Saved entries:
-*-*-

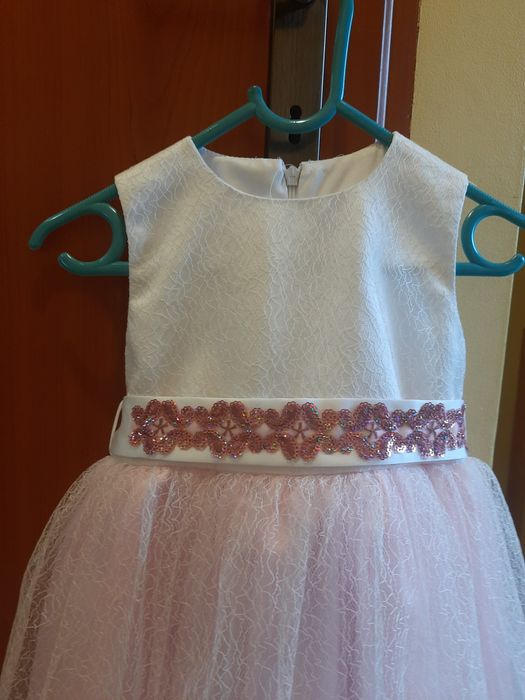 Sukienka dla małej księżniczki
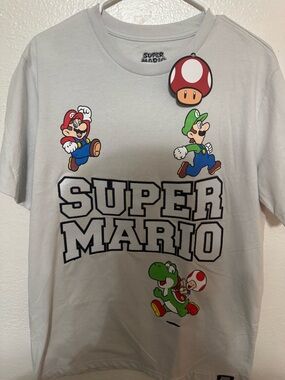 Super Mario Men’s T-shirt Embroidered Logo Size Large. Mario, Luigi, & Yoshi.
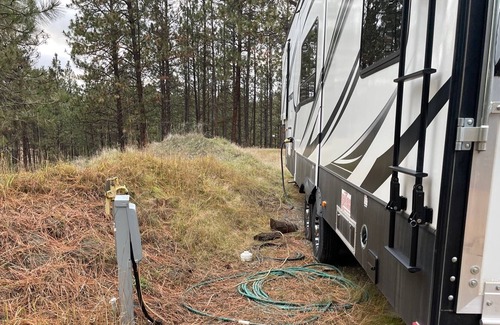 Eureka RV Rental | Full trailer/RV hook ups on 5 acres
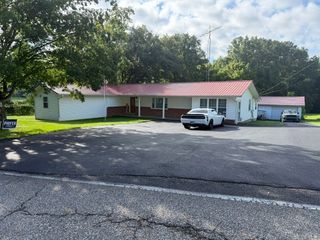43 Danville Rd, Big Sandy, TN 38221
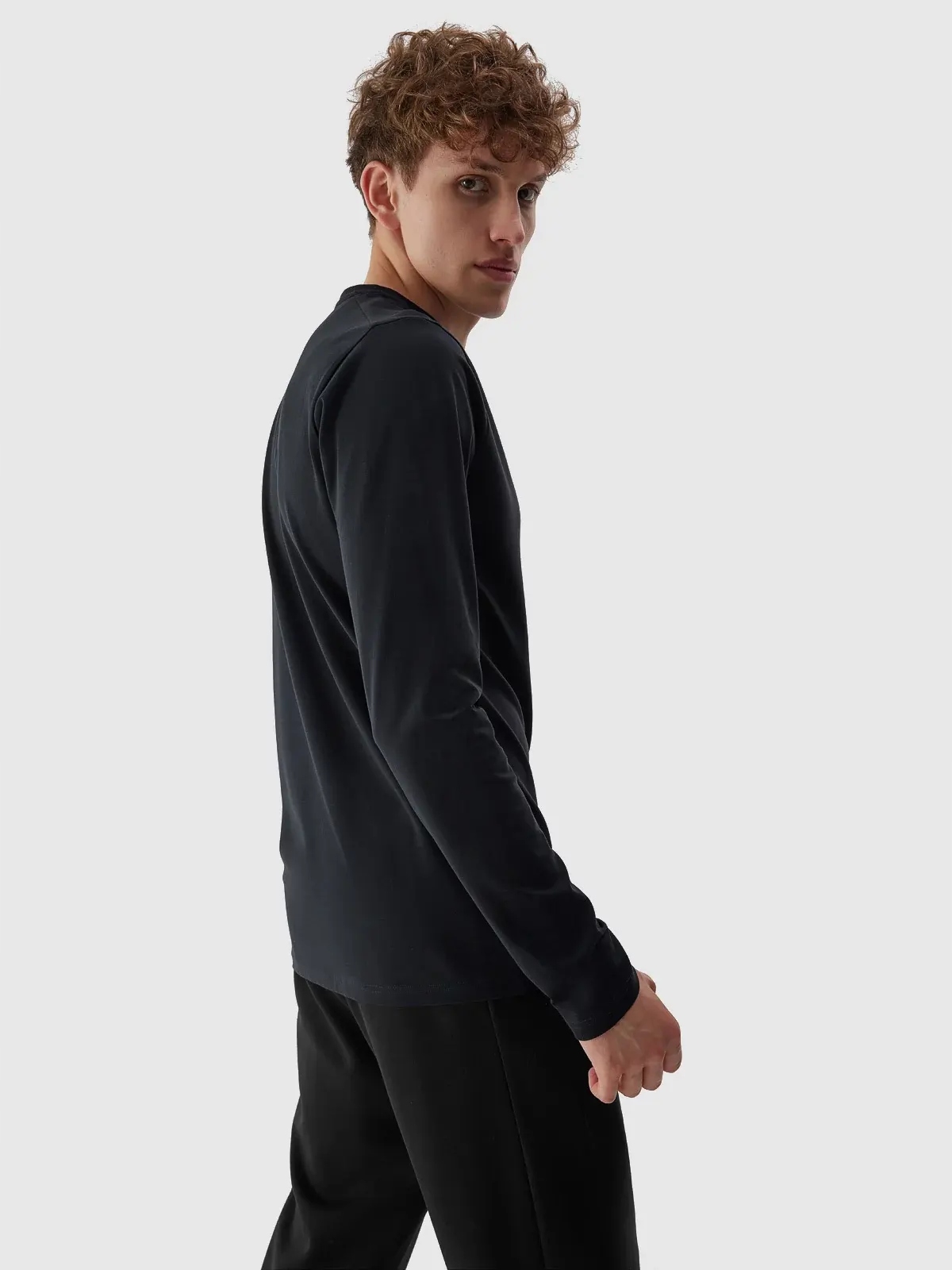 KOSZULKA MĘSKA 4F DŁUGI RĘKAW BAWEŁNA AW23M155 Dekolt okrągły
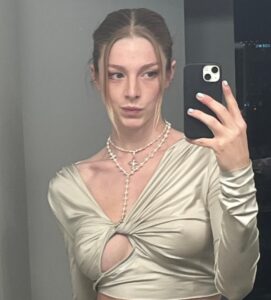 PHOTO Hunter Schafer Wearing A Cross Necklace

-*-*-

The lines to be quoted run from the line containing "43 Danville Rd, Big Sandy, TN 38221" through the end of the entries above, both included; quote them exactly and leave out any pictures.

43 Danville Rd, Big Sandy, TN 38221
 KOSZULKA MĘSKA 4F DŁUGI RĘKAW BAWEŁNA AW23M155 Dekolt okrągły
 PHOTO Hunter Schafer Wearing A Cross Necklace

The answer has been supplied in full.